> **Source material**
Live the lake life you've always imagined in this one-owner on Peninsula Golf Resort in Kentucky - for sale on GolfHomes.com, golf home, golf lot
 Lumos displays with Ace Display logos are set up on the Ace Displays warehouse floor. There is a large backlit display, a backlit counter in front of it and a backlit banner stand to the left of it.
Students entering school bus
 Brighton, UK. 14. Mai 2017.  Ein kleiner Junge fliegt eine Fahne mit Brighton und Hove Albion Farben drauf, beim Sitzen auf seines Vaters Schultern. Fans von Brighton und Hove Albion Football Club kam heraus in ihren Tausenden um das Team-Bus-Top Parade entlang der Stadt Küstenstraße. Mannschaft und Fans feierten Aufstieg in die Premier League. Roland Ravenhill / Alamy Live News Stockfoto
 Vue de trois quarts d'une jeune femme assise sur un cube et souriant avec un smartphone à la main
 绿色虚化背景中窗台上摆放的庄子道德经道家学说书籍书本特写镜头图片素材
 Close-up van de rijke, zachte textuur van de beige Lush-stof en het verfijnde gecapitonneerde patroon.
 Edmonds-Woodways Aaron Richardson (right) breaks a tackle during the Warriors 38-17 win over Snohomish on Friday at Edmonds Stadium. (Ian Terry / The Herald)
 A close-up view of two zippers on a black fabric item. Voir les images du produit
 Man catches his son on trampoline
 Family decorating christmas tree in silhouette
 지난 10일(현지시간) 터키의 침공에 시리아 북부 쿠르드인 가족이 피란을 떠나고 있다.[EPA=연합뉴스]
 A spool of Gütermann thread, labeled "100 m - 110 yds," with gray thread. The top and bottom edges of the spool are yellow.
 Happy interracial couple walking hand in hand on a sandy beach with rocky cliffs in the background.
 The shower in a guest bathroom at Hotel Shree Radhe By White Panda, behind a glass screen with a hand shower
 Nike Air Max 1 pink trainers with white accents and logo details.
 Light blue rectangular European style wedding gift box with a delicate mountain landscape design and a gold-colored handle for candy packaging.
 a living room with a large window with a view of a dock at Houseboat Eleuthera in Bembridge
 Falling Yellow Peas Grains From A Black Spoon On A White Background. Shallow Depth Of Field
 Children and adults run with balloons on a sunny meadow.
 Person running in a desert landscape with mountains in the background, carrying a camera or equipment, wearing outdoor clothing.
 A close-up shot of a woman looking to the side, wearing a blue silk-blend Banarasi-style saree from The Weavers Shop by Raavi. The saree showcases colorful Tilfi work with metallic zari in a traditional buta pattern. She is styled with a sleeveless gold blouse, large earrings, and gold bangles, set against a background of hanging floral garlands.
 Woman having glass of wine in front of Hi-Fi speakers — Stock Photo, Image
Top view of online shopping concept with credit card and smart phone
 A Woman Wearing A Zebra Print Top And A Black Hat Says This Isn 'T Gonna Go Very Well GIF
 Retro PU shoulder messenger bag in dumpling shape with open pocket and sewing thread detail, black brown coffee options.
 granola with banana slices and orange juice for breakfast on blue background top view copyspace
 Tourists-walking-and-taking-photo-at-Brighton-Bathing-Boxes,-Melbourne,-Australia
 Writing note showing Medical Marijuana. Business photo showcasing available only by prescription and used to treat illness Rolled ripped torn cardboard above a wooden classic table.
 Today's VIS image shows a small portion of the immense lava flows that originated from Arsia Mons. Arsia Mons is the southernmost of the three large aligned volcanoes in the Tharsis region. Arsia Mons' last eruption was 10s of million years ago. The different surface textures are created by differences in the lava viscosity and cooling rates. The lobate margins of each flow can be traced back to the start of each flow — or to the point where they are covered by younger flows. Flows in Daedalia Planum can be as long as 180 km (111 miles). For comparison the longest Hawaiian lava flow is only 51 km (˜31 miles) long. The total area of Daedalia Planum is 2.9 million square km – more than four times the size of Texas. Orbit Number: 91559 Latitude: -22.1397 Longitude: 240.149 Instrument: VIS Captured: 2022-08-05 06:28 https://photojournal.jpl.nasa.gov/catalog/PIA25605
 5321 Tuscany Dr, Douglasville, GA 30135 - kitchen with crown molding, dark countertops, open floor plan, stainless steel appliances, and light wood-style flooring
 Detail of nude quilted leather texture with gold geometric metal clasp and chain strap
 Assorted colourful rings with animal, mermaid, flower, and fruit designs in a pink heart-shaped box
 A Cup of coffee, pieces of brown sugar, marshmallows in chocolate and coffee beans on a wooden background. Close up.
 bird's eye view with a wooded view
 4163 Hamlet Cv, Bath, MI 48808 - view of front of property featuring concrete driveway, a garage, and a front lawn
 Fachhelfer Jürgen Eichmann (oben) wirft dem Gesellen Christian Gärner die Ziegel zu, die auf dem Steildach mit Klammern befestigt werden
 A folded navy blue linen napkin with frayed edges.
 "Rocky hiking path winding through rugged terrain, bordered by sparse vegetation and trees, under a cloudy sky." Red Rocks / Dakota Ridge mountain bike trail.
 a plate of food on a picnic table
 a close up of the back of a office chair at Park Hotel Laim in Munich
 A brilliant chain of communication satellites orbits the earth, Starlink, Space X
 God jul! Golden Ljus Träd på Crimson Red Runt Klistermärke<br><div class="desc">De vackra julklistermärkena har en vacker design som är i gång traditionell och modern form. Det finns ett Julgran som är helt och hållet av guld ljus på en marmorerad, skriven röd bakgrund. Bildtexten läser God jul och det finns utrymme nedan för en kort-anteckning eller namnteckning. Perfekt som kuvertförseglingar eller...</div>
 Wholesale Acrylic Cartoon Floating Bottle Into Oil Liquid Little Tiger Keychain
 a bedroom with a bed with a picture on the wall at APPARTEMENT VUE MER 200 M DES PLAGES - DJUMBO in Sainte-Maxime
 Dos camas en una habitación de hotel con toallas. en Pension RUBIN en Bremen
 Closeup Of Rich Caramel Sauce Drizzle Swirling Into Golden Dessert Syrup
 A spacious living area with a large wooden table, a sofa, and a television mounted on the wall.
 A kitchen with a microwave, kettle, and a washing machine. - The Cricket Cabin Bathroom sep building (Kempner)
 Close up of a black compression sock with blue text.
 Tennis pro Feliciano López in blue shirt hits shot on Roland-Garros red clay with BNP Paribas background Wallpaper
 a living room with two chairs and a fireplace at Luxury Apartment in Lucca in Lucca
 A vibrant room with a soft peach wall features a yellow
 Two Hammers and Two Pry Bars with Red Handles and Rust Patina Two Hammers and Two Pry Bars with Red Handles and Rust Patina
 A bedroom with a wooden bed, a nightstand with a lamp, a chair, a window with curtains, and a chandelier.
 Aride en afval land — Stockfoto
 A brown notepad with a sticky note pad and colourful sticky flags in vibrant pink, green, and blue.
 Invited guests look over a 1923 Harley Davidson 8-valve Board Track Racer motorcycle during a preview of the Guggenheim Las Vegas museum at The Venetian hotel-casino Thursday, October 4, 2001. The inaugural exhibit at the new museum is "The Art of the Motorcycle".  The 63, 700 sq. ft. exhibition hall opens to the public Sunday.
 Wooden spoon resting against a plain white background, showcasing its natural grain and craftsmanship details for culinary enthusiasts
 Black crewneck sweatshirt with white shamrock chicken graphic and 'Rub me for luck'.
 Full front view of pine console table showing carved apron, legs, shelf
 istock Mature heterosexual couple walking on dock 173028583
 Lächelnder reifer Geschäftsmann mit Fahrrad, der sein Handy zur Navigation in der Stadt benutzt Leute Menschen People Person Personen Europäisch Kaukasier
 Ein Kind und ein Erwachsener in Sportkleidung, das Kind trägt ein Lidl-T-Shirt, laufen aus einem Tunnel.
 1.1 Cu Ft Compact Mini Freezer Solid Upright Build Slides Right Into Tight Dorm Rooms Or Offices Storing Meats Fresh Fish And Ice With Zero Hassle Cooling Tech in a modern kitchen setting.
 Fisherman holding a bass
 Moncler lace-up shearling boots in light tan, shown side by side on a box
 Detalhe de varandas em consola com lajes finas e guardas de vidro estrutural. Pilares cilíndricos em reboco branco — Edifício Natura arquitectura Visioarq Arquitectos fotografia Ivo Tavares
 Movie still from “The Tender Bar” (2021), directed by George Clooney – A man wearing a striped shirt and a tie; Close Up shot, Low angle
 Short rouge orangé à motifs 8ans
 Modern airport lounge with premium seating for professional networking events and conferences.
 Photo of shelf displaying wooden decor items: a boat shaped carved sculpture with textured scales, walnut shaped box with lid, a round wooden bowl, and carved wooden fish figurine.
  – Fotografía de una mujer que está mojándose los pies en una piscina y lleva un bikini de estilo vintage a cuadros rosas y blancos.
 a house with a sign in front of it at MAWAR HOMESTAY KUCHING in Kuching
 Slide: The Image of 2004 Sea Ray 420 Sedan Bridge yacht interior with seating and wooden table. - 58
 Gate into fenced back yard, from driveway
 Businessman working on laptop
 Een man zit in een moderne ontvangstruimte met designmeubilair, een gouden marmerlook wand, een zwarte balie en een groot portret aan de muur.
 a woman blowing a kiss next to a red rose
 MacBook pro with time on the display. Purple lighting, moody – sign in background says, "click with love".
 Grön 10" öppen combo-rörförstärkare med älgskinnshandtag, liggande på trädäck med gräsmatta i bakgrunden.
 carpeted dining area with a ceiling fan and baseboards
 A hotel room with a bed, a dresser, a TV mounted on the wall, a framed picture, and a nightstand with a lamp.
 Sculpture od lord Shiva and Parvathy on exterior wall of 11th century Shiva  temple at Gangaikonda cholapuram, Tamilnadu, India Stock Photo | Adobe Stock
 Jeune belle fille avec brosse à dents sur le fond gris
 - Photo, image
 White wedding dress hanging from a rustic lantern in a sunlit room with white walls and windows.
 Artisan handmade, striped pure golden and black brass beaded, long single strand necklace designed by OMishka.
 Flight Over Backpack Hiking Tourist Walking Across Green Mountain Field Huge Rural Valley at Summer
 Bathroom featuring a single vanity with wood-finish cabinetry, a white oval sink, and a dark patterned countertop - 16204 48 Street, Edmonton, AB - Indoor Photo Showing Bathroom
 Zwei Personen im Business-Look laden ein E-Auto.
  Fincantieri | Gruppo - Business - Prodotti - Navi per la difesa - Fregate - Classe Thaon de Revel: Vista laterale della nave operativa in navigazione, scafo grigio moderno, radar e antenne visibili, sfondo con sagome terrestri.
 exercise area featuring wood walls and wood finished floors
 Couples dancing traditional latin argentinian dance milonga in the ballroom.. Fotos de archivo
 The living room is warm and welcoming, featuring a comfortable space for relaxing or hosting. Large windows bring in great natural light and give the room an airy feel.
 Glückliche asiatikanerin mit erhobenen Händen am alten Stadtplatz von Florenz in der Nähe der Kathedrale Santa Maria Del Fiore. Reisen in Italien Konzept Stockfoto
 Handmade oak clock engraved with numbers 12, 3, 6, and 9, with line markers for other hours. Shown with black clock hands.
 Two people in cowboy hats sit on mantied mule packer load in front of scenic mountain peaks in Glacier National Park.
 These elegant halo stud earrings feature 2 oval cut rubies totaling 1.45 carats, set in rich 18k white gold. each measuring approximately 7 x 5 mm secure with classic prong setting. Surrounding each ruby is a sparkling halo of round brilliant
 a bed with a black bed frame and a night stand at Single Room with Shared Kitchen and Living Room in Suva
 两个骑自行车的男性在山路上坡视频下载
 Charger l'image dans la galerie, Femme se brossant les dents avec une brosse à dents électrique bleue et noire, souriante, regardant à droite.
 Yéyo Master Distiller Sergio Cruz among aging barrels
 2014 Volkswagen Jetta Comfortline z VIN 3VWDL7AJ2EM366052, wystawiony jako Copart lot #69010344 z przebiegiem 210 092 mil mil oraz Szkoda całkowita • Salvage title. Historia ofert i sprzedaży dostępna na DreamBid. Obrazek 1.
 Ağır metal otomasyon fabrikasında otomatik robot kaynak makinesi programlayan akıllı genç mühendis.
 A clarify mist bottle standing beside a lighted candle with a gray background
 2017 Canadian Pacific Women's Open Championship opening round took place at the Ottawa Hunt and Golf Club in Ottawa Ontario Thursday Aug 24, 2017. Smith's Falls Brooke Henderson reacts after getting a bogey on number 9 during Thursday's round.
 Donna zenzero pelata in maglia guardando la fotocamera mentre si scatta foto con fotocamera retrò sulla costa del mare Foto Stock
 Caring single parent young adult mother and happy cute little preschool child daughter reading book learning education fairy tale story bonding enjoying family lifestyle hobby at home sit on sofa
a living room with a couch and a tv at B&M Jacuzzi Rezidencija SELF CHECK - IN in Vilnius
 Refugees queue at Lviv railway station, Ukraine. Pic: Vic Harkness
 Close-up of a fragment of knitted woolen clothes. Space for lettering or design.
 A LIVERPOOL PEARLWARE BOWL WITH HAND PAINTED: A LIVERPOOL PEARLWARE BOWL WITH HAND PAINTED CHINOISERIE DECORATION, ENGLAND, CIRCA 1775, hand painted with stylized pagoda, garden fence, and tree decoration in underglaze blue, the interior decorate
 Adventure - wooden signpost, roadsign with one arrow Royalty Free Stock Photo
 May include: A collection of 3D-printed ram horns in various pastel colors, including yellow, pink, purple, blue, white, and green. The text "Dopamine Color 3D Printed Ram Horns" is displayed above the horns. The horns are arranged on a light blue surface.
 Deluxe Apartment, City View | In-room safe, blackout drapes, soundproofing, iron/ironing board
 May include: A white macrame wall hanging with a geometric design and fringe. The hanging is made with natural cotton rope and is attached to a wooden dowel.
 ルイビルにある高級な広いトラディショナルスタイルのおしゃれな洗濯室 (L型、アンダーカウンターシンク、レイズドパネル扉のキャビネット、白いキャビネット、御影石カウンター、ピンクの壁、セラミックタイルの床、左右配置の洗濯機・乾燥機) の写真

> **Exercise details**
Everything starting at the line containing "5321 Tuscany Dr, Douglasville, GA" and ending at the line containing "A Cup of coffee, pieces" in the records above should be repeated exactly, and only that.

> **Response area**
 5321 Tuscany Dr, Douglasville, GA 30135 - kitchen with crown molding, dark countertops, open floor plan, stainless steel appliances, and light wood-style flooring
 Detail of nude quilted leather texture with gold geometric metal clasp and chain strap
 Assorted colourful rings with animal, mermaid, flower, and fruit designs in a pink heart-shaped box
 A Cup of coffee, pieces of brown sugar, marshmallows in chocolate and coffee beans on a wooden background. Close up.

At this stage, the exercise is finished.